呻吟語 / 内篇・存心・熟〻正鵠を視て後に弓を開く
吾輩所欠,只是涵養不純不定。故言則矢口所發,不當事,不循物,不宜人;事則恣意所行,或太過,或不及,或悖理。若涵養得定,如熟視正鵠而後開弓,矢矢中的;細量分寸而後投針,處處中穴,此是真正體驗,實用工夫,總來只是個沉靜。沉靜了,發出來,件件都是天則。

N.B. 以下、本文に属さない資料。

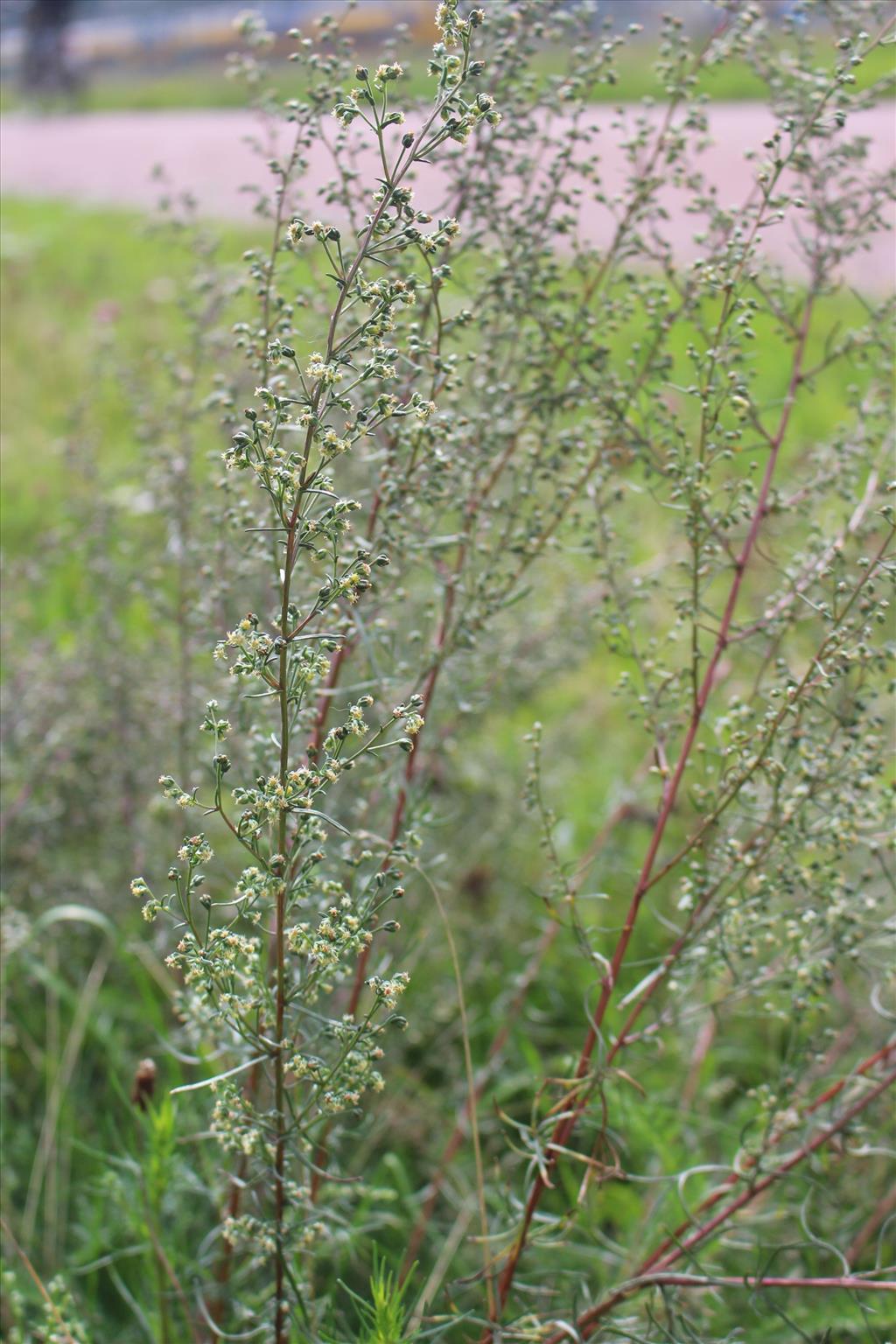 Artemisia campestris subsp. campestris (door Niels Eimers)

新字:吾輩所欠,只是涵養不純不定。故言則矢口所発,不当事,不循物,不宜人;事則恣意所行,或太過,或不及,或悖理。若涵養得定,如熟視正鵠而後開弓,矢矢中的;細量分寸而後投針,処処中穴,此是真正体験,実用工夫,総来只是個沈静。沈静了,発出来,件件都是天則。
書き下し
吾輩の欠く所は、只だ是れ涵養の純ならず定まらざるのみ。故に言へば則ち矢口に發する所、事に當たらず、物に循はず、人に宜しからず。事とすれば則ち恣意に行ふ所、或いは太過、或いは不及、或いは理に悖る。若し涵養し得て定まれば、熟〻正鵠を視て後に弓を開くがごとく、矢矢的に中たる。細かに分寸を量りて後に針を投ずるがごとく、處處穴に中たる。此れは是れ真正の體驗、實用の工夫なり。總じて來たれば只だ是れ個の沉靜なり。沉靜し了りて、發し出で來たれば、件件都て是れ天則なり。
現代語訳
私たちに欠けているのは、ただ養いが純粋でなく定まっていないことだけです。だから話せば口をついて出るままで、事に当たらず、物に沿わず、人にふさわしくありません。事を行えば思うままで、行き過ぎたり届かなかったり、道理に背いたりします。もし養いが定まれば、じっと的を見てから弓を引くように、矢が一本ずつ的に当たります。細かく寸法を測ってから針を投げるように、どこも穴に当たります。これこそ本当の体験であり、実用の工夫です。まとめて言えば、ただ沈んで静かであることです。沈み静まってから出てくれば、一つ一つがすべて天の法にかないます。
解説
言葉と行いの外れ方が先に示されます。口をついて出るままだから当たらず、思うままに行うから行き過ぎるか届かない。そして養いが定まったときの姿が、弓と針の比喩で描かれます。的を見てから引く、寸法を測ってから投げる。どちらも先に静止があって、その後に動作が来ます。順序が逆になっているのが外れの原因だ、という診断が明快です。